The agency tasked with policing domestic culture and thwarting the influence of other nations–particularly Western influence–is the Revolutionary Guards Corp, and they’ve recently named an unlikely threat to national security: Kim Kardashian, and her weapons of mass destruction seduction.
They’re extremely concerned about Kardashian’s social media popularity; so much so, they’ve accused Kim of being a secret agent.
A report from the Iran Wire featured the Guards’ Organized Cyberspace Crimes Unit accusing Kim K of working for Instagram as part of an intricate and villainous plot to “target young people and women,” corrupting them with seductive photos that depict a lifestyle at odds with Islamic values.
The spokesman for the group, Mostafa Alizadeh, took to an Iranian news program to further speak of Iran’s disdain for Kim and all things Kardashian. “Ms. Kim Kardashian is a popular fashion model, so Instagram’s C.E.O. tells her, ‘Make this native.’ There is no doubt that financial support is involved as well. We are taking this very seriously.”
Kardashian’s paternal grandparents were Armenian immigrants; Armenia shares a border with Iran.
Instagram declined to comment on the incident.
Although the idea of “secret agent” Kim Kardashian is absurdly laughable, and sounds like a joke, social media mis-steps are no laughing matter in Iran.
Recently, one famous Iranian entertainer was featured in what looks to be a forced confession, and the Revolutionary Guards say they’ve targeted 170 individuals–makeup artists, photographers, models, and others–for their immodest social media content. Twenty-nine of the 170 individuals are slated for prosecution.

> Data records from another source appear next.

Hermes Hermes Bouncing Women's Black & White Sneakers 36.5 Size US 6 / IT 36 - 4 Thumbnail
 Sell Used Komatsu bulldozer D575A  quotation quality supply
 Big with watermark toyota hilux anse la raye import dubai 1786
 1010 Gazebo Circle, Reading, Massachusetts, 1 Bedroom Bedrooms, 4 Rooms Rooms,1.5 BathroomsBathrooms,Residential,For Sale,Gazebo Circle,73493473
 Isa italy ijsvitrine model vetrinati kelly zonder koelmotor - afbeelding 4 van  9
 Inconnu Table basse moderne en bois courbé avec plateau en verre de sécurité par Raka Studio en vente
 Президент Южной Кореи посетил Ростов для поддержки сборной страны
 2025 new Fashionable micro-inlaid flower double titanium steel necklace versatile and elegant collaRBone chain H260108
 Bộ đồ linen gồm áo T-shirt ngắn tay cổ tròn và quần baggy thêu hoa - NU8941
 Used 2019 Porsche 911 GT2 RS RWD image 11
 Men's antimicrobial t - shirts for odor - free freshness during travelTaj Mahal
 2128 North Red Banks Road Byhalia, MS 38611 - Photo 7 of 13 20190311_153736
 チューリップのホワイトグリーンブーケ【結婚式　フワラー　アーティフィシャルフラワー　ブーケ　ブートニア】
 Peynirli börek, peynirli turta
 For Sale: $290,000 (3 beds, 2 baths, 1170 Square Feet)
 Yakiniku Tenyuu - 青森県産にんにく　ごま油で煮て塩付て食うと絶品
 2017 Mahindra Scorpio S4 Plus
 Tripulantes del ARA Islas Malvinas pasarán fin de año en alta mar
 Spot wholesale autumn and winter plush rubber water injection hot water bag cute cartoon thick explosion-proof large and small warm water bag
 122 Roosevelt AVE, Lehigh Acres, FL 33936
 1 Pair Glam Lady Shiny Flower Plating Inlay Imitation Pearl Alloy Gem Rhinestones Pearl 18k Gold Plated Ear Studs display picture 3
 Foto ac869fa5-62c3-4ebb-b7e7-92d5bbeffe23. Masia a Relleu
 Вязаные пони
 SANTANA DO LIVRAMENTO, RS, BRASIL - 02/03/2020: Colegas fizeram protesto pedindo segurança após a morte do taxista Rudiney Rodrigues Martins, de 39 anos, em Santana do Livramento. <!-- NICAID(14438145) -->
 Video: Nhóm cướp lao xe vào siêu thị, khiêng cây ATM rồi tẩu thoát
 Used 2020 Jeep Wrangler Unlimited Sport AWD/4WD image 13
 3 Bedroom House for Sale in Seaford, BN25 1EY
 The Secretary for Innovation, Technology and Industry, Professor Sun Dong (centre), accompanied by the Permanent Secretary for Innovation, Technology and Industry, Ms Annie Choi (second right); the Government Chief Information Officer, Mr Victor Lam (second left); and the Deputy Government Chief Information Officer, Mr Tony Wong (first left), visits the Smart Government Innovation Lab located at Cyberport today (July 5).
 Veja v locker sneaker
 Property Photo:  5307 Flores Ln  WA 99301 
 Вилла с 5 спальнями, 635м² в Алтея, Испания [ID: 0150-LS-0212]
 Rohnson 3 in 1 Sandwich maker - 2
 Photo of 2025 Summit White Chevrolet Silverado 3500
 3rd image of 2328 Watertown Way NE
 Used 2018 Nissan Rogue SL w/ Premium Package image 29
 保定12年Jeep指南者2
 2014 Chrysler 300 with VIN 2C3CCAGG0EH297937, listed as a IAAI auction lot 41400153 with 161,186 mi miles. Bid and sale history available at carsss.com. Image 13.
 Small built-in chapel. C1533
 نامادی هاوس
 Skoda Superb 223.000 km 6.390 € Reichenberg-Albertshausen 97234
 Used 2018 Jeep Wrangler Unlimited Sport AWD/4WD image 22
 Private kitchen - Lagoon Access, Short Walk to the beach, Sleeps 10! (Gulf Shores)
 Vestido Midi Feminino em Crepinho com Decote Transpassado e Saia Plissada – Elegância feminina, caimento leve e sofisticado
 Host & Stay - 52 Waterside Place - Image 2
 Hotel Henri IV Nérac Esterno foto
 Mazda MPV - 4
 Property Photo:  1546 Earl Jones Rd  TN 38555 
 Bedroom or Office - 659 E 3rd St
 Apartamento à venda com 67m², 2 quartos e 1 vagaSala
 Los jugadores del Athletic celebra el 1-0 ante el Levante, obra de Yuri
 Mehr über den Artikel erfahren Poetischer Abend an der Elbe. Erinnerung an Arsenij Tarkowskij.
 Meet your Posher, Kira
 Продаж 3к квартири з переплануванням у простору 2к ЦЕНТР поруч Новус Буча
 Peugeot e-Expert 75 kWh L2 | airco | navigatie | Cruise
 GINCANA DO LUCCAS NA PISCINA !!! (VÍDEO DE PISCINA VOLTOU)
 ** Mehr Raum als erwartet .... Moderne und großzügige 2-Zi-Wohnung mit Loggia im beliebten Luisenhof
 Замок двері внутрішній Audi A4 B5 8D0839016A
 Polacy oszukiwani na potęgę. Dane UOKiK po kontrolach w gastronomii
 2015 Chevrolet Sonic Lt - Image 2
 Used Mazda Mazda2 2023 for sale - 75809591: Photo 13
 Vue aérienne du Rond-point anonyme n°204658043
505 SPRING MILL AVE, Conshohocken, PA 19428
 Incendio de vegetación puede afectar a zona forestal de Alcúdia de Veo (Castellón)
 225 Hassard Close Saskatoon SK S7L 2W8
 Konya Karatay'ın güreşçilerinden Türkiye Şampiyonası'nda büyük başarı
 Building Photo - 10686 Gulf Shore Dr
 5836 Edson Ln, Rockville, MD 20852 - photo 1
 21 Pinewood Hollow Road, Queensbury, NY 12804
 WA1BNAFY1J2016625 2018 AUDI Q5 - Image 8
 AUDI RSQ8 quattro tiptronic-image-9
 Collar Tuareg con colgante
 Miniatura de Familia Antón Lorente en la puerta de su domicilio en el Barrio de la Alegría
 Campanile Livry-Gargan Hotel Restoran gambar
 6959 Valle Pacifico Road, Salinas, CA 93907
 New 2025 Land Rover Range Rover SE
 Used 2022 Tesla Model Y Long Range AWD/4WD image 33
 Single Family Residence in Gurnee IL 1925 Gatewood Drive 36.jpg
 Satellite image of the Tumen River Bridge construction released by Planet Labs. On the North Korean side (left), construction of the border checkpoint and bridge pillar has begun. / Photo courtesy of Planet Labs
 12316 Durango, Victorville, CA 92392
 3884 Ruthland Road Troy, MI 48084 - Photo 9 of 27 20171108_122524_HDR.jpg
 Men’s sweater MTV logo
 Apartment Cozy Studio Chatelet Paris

This comes as part of what the Cyberspace Crimes Unit calls “Operation Spider 2,” a long-standing effort to eliminate what Iran considers to be illicit Instagram and Facebook use. The Iran Wire reports that the Cyberspace Crimes Unit has claimed to arrest the individuals behind over 350 Facebook pages that were “promoting a culture of promiscuity, weakening and rejecting the institution of family, ridiculing religious values and beliefs, promoting relationships outside moral rules, and publishing the private pictures of young women.”